Interpolation of orientation distribution functions in diffusion weighted imaging using multi-tensor model

• Published in: Journal of neuroscience methods Vol. 253; pp. 28 - 37
• Main Authors: Afzali, Maryam, Fatemizadeh, Emad, Soltanian-Zadeh, Hamid
• Format: Journal Article
• Language: English
• Published: Netherlands Elsevier B.V 30.09.2015
• Subjects: Adolescent; Adult; Algorithms; Brain - physiology; Diffusion Magnetic Resonance Imaging; Diffusion weighted imaging (DWI); Epilepsy, Temporal Lobe - pathology; Epilepsy, Temporal Lobe - physiopathology; Female; Fuzzy Logic; Humans; Image Interpretation, Computer-Assisted; Interpolation; Male; Middle Aged; Models, Neurological; Multi-tensor; Orientation; Orientation distribution function (ODF); Pattern Recognition, Automated; Sensitivity and Specificity; Temporal lobe epilepsy (TLE); Young Adult; Interpolation; Orientation distribution function (ODF); Temporal lobe epilepsy (TLE); Diffusion weighted imaging (DWI); Multi-tensor
• ISSN: 0165-0270; 1872-678X
• DOI: 10.1016/j.jneumeth.2015.06.007

•A method is proposed to improve results of diffusion weighted imaging (DWI).•The proposed method interpolates orientation distribution functions (ODFs).•It uses fuzzy clustering to segment ODFs based on principal diffusion directions.•The method is applied to synthetic and real DWI of control and epileptic subjects.•The method improves differentiation of epileptic patients from normal subjects.
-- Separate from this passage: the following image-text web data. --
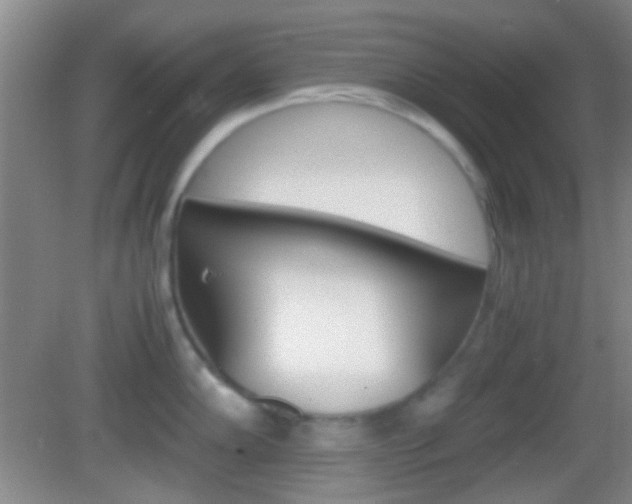 X0000082971102200702011136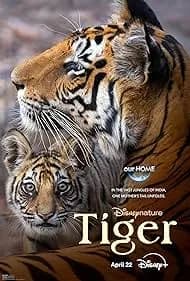 Tiger 2024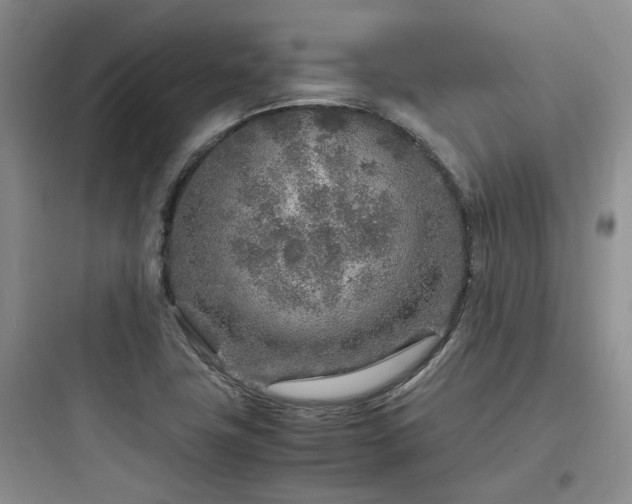 X0000097901411200803211431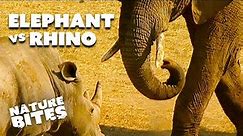 Why are Elephants Killing Rhinos? | Nature Bites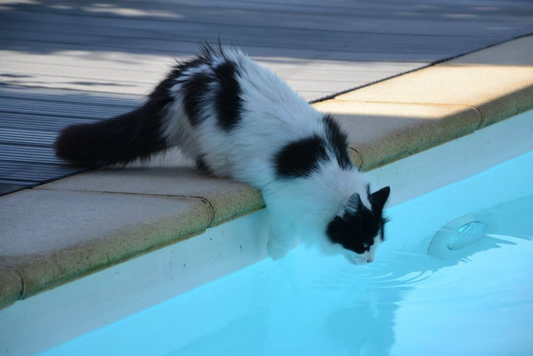 Why Your Cat May Be at High Risk for Pool Chemical Poisoning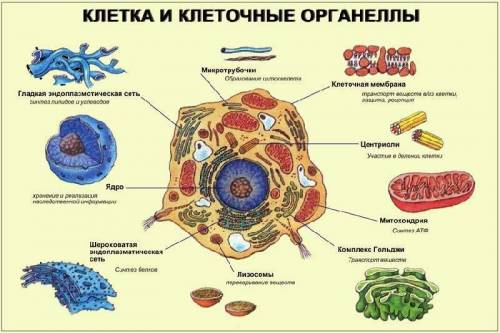 Одномембранные органоиды клетки. строение и функции.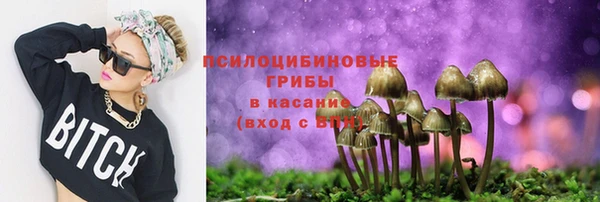 прущие грибы Козловка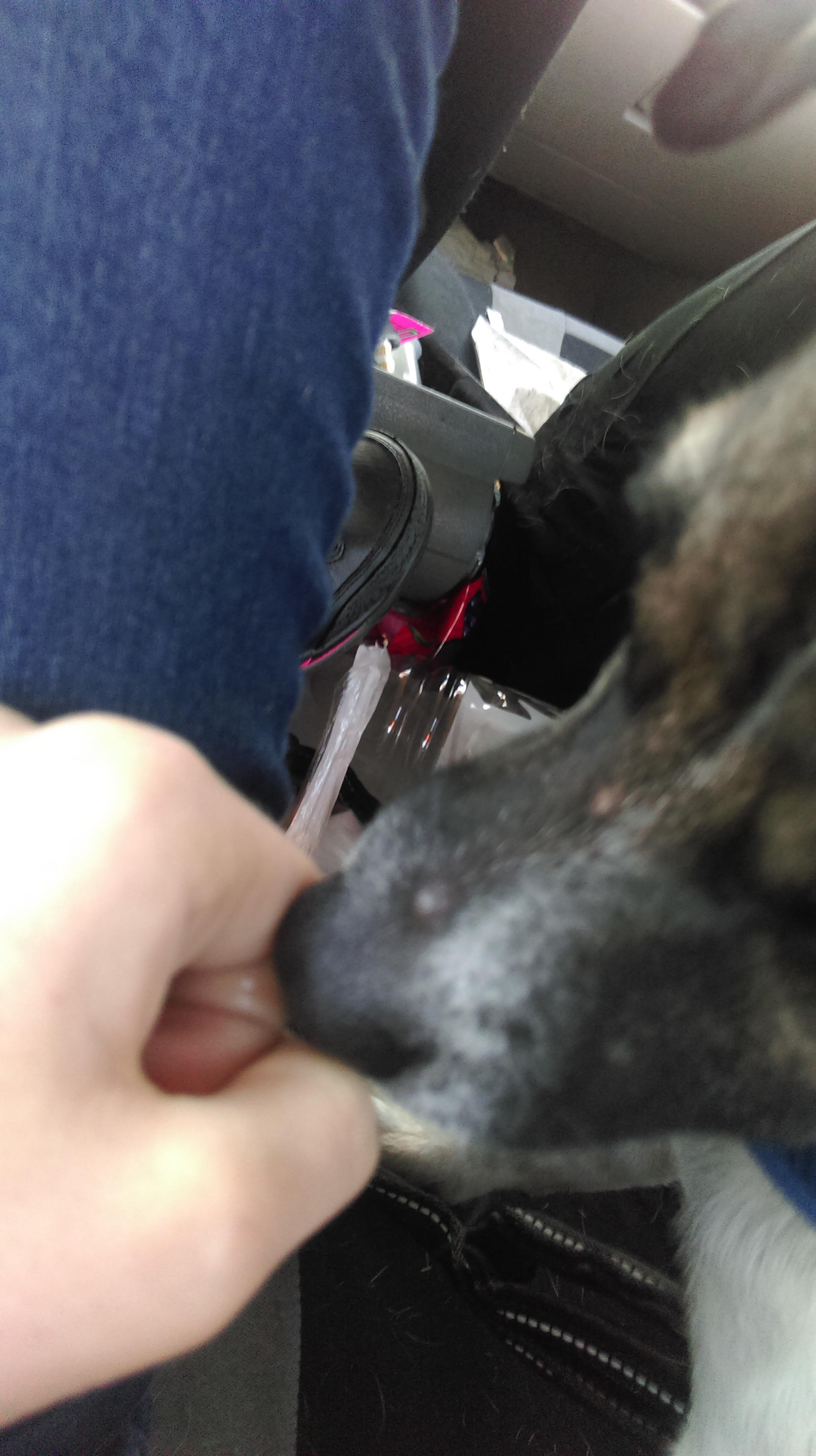 Question details sensitive content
Diffusion weighted imaging (DWI) is a non-invasive method for investigating the brain white matter structure and can be used to evaluate fiber bundles. However, due to practical constraints, DWI data acquired in clinics are low resolution. This paper proposes a method for interpolation of orientation distribution functions (ODFs). To this end, fuzzy clustering is applied to segment ODFs based on the principal diffusion directions (PDDs). Next, a cluster is modeled by a tensor so that an ODF is represented by a mixture of tensors. For interpolation, each tensor is rotated separately. The method is applied on the synthetic and real DWI data of control and epileptic subjects. Both experiments illustrate capability of the method in increasing spatial resolution of the data in the ODF field properly. The real dataset show that the method is capable of reliable identification of differences between temporal lobe epilepsy (TLE) patients and normal subjects. The method is compared to existing methods. Comparison studies show that the proposed method generates smaller angular errors relative to the existing methods. Another advantage of the method is that it does not require an iterative algorithm to find the tensors. The proposed method is appropriate for increasing resolution in the ODF field and can be applied to clinical data to improve evaluation of white matter fibers in the brain.